Moreover, her repetition of the phrase, “The art of losing isn’t hard to master” serves to validate her thought process throughout the poem and convince herself that losing becomes easier with time and practice. Clearly, however, the art of losing becomes far more personal and challenging for Bishop as the poem progresses. She begins with inanimate objects and intangible notions and uses them as steppingstones for things which become increasingly more difficult to lose. In the third stanza, Bishop tells readers to “practice losing farther, losing faster: / places, and names, and where it was you meant to travel,” but her specificity points to her own sense of loss for people and places (7-9). Her tone no longer seems jesting or casual; instead, the poem becomes ever more solemn and private. When Bishop writes, “None of these will bring disaster,” readers find “disaster” too strong a word when used in conjunction with lost keys and time (9). At this point, Bishop leaves her readers curious as to just what will bring about complete and utter disaster.
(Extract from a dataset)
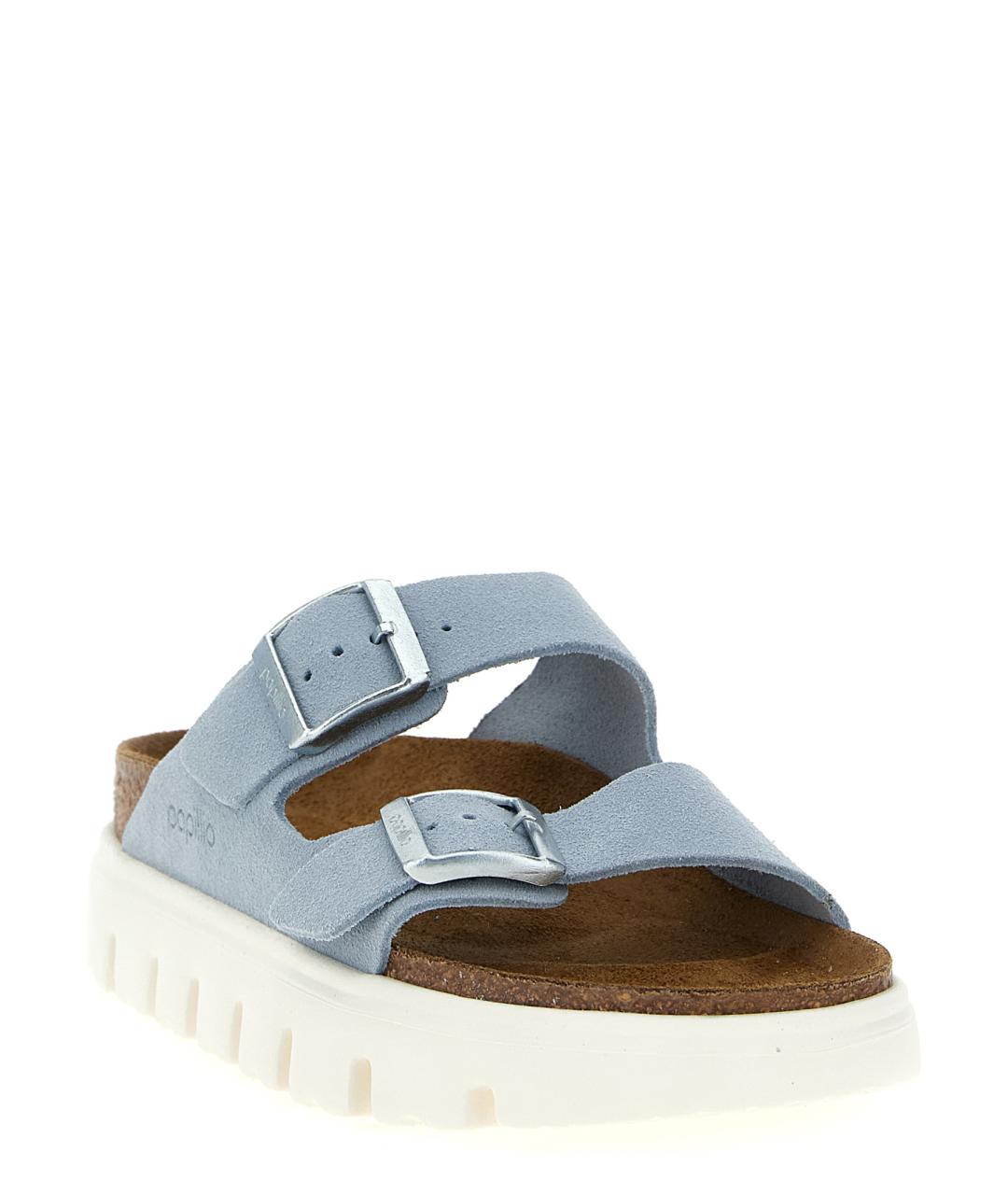 BIRKENSTOCK Голубые кожаные шлепанцы, фото 2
In the fourth stanza, Bishop confirms the personal nature of the poem, in explaining, “I lost my mother’s watch” (10). The “I” finally appears in the poem, relating loss after loss. The allusion to her mother, in particular, reflects an acutely felt emotion of Bishop’s, since losing a sentimental object of her deceased mother represents losing one of the only surviving memories of her mother. Nevertheless, the voice of the perpetually reassuring survivor returns in the third line of the stanza, when Bishop once again reinforces her refrain. Although her emotions, along with the reader’s own feelings, seem to build up in this stanza, Bishop stays true to the poetic form of the villanelle in her rhyme scheme, repetition of the refrain, and ending of lines with words rhyming with either “master” or “intent.” The poetic structure reigns in her emotions, and Bishop controls her internal chaos and manipulates it into an art. The poet’s ability to order her poem relates to her feigned ability to control, or at least make sense of, her losses.
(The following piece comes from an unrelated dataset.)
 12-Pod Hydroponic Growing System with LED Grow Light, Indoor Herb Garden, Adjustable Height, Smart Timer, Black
Still, Bishop’s losses seem to ever increase, and readers begin to question the poet’s assumed ability to “master” her “disasters.” She loses “two cities,” “some realms,” “two rivers,” “a continent,” and still maintains that “it wasn’t a disaster” (13-15). Finally, in the last quatrain, Bishop begins to doubt the refrain which the strict form of the villanelle requires. Indeed, upon mentioning losing “you,” Bishop loses something else: her poetic authority. The reassuring voice falters as she recalls “the joking voice, a gesture / I love” (15-16). In placing the proclamation “I love” on a separate line, Bishop emphasizes the words, allowing them to stand alone with the feelings they evoke. Significantly, Bishop additionally alters her refrain to “It’s evident / the art of losing’s not too hard to master” (17-18).
Clearly, Bishop endeavors to qualify herself, but her refrain weakens in this final stanza. She admits that losing love “may look like (Write it!) like disaster” (19). At the end of her poem, then, Bishop acknowledges that the loss of love is far too difficult to master, and in a final attempt to control the feelings breaking through the surface of the page, Bishop repeats the word “like” to delay the unavoidable and most devastating disaster: the loss of a person still deeply loved. The voice of the survivor emerges once more, however, in Bishop’s fierce intonation of “Write it!” (19). Indeed, Bishop’s villanelle succeeds in recovering her lost “realms” in establishing an everlasting place for her poetry in postmodern times through its conversion of wholly inexplicable losses into vast, unfathomable beauty.
Bishop, Elizabeth. "One Art." Poets.org. 17 Nov. 2009.